Not the First Female Anything

Posted on July 9, 2013


I was perusing a particularly exasperating article about sexual assault in the military, and as is my habit, I looked up the author to see her background.  She, like me, is a military veteran.  Jammed in among her credentials are a couple of phrases:  “one of the first female officers to graduate from…” and “the first female commander of….”    I am intentionally leaving out the specifics.

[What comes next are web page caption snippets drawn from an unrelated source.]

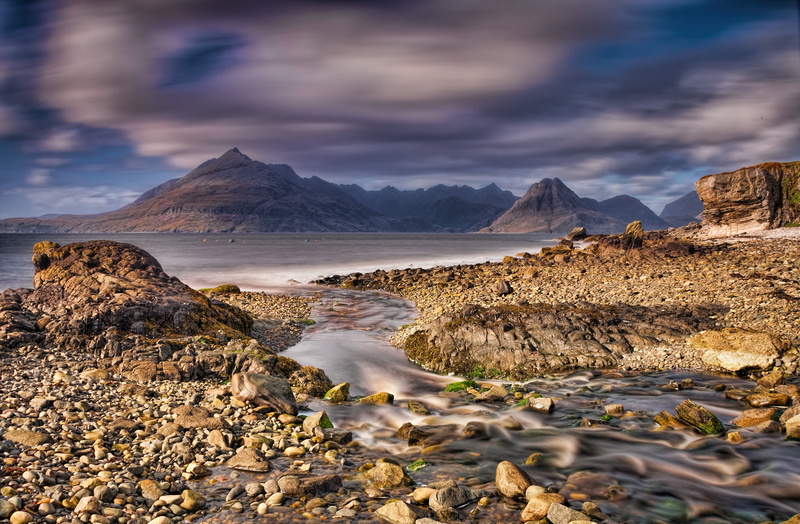 blue skies, rock - Object, travel, landscape, volcano, mountains, time lapse, photo, blue, Skye  Cuillin, nature, Elgol, Harbour, Auto_Focus, scenics, time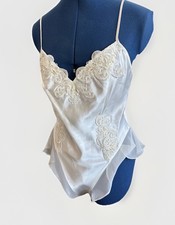Vintage Victoria s Secret Embroidered Mesh Lace Teddy Bodysuit Lingerie Whimsy M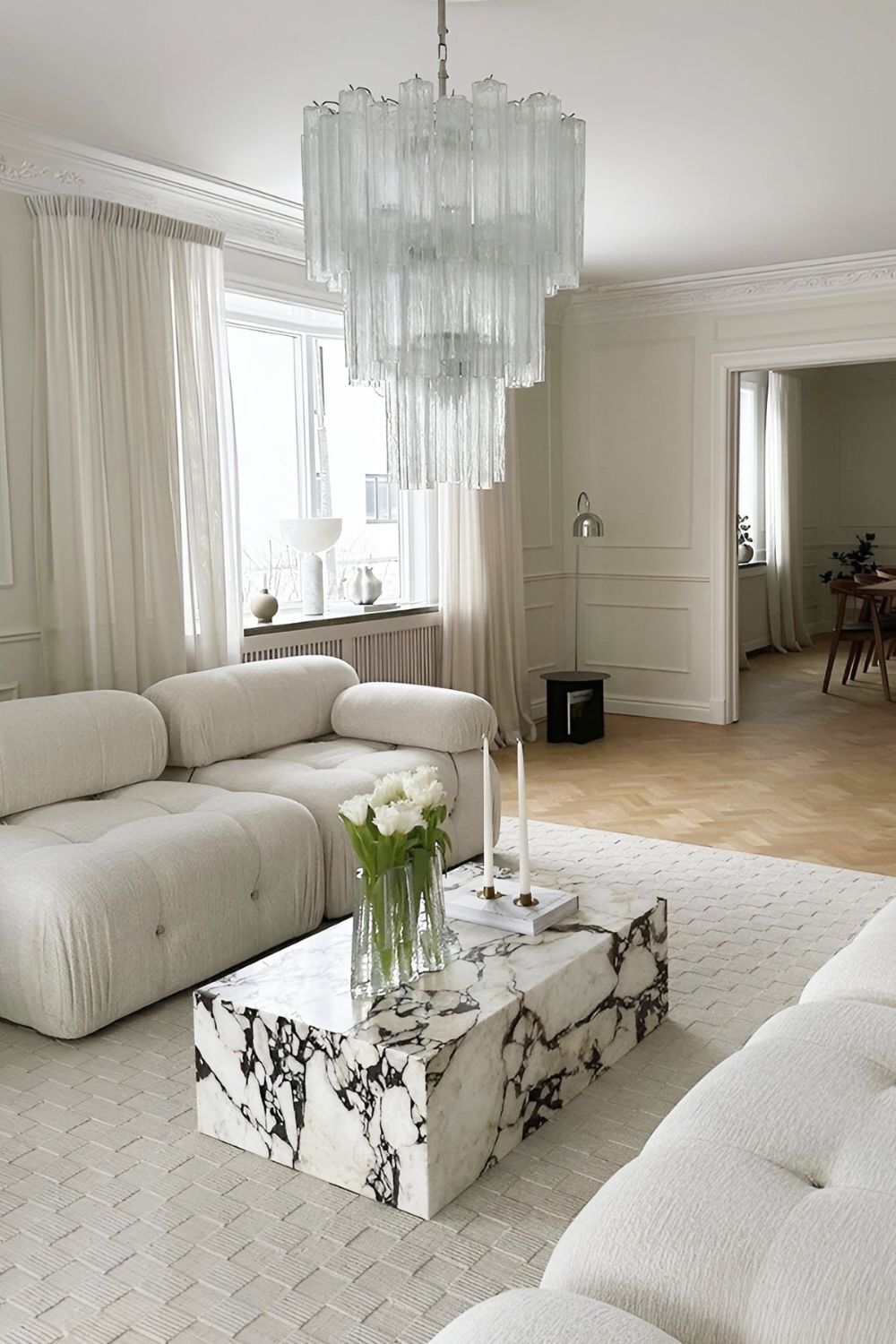 Art Venetian Clear Glass Tube Chandelier - view 2 | morylighting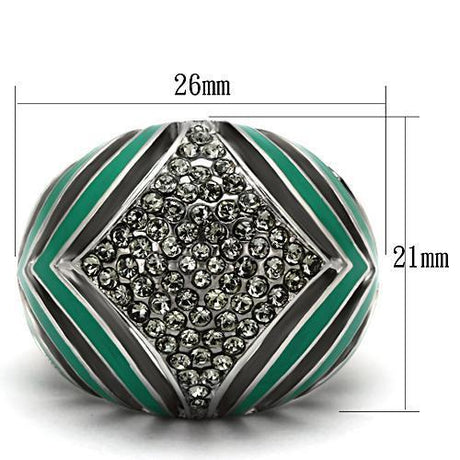 High polished (no plating) Stainless Steel Ring with Top Grade Crystal  in Black Diamond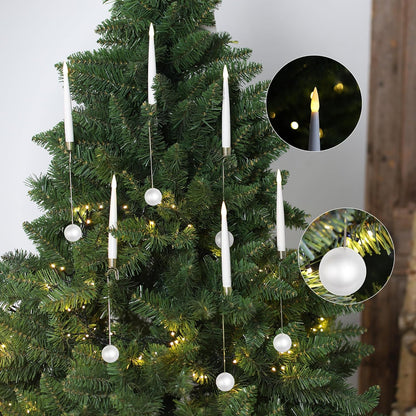 Christmas Tree Candles, 10 Pack Flameless Taper Candles for Christmas Tree Decor, Fake LED Candle Battery Operated with Remote for Xmas Wedding Home Gift with Crystal Ball Hook
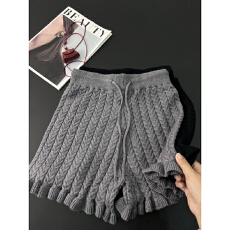 批发灰色木耳边针织短裤女2026新款秋冬宽松显瘦高腰麻花小个子<b class='q'>打底裤</b>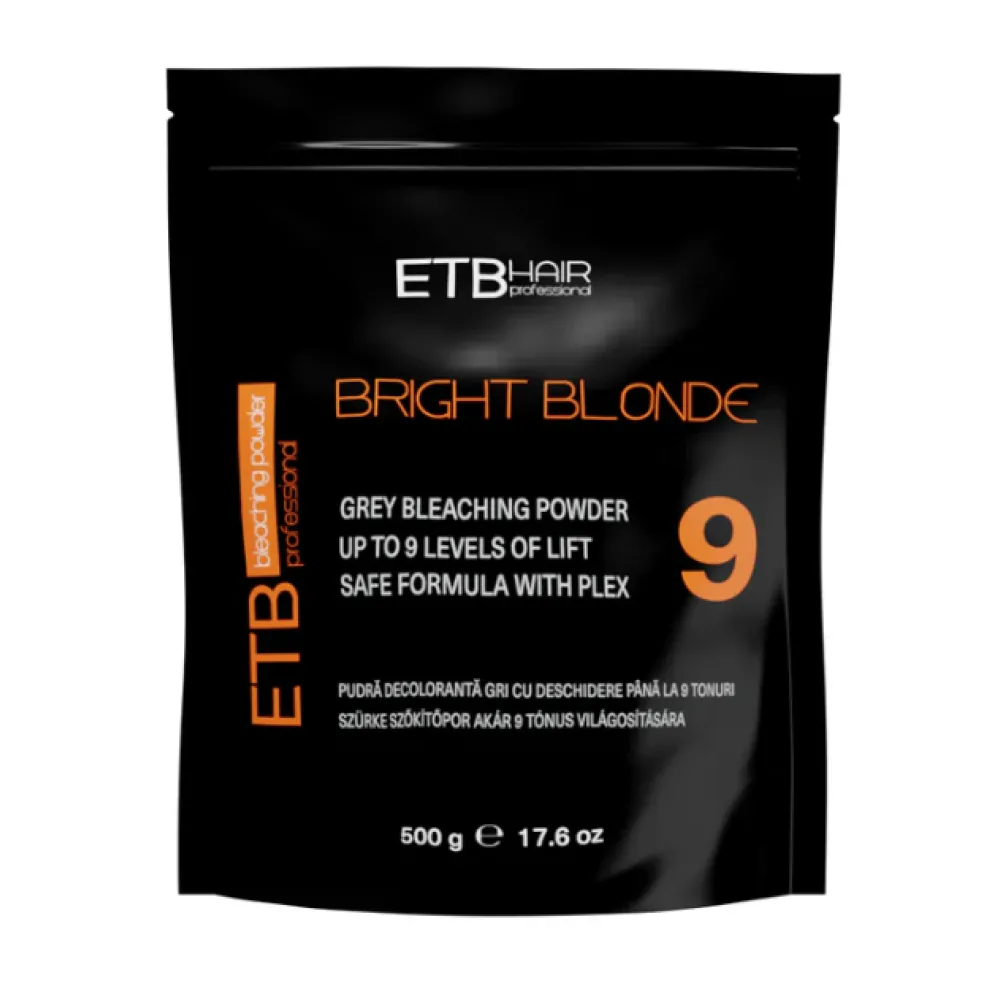ETB Hair Professional Premium Bright Blonde Grey Bleaching Powder 9 Level - Premium matu balināšanas pulveris ar pelēko-zilo pigmentu, 500gr.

When disenfranchised groups begin to integrate with the rest of society, someone has to be first.  But there comes a point in the integration process when it is neither helpful nor accurate to continually point out that women (or minorities) are “breaking yet another barrier.”  Once women have cleared a big hurdle, we need not then celebrate every single time a woman moves into some variation of that hurdle, some nook or cranny as yet unoccupied by a female but otherwise very like all the other nooks and crannies that may or may not have been.   The first female combat pilots?  Yay!  Barrier broken, check that block, move on and don’t dwell on it.  We don’t need to enumerate the first female Cobra pilot, the first female F-22 pilot, the first female A-10 pilot, the first female A-10 pilot in the Southwest Asia region, and so on.  That gets tiresome, trite, and frankly annoying.

I don’t know exactly why the “first woman in this tiny nook or cranny” claim is so irritating, but it is.  Maybe it smacks of some kind of me-too consolation prize.  Or maybe a sort of juvenile “girl power” statement that celebrates women’s progress while simultaneously whining that it has been so long in coming.  Or maybe just getting girlie footprints all over everything and thumbing their noses at the naysayers out there who were against women in the military/combat/ whatever.

Maybe the problem I have with it is that it is treated – as the author’s bio in this case treated it – as a credential, as some kind of qualification.  I believe it should be sufficient to list one’s credentials as “graduated from…”  and “commander of….”  Being the first female in some particular corner of the military is not really an achievement, any more than being the first guy from Wyoming to have the job is an achievement.

You know what I would rather know, but can’t tell from her bio?  How well did she do those jobs in which she was a “first woman”?  That’s where the real achievement lies, but “first women” are too often silent on that aspect of their experience.  I’m not saying that “first women” aren’t good at their jobs, I’m just saying that when they focus so strongly on their gender, no one knows what their actual performance was like.  If their performance was successful, but not truly, measurably in the highest percentiles, then the credential should read:  “commander of…” and that is all.  Just like what the guys get to claim.

Maybe that’s why the “first woman” claim bugs me.  Women want to have the same opportunities, to do the same jobs, to be respected and treated as the equals of men.  I get that; hell, it’s what I want, too.  But in my view, gender-as-achievement, and true equality in the workplace, are mutually exclusive.  You can’t be equal if you are always playing up the thing that makes you different.

No, the only reason for listing oneself as the “first woman to…” is to build one’s credentials as a women’s-issues expert.  And sure enough, the author in question has focused her academic and post-military career on exactly that topic.  She had a job with a women’s organization, working on women’s issues.  Her Master’s thesis was about women in the military.  She has written a book about women in the military.  She continues to study military and gender issues.

I concede, we do need folks who will push against social inertia to open up opportunities to women and minorities.  It’s a long process;  we have come a long way from, say, 1975; and we have a ways to go yet.  But in my own observation, proclaiming one’s “first woman” status can be seen as having an agenda or a chip on one’s shoulder; at the very least, it sets one apart from one’s colleagues rather than being one of the group; it can actually be counterproductive.

I am pleased to have not been… at least, not knowingly… the first female anything.  And if I were, I wouldn’t claim it.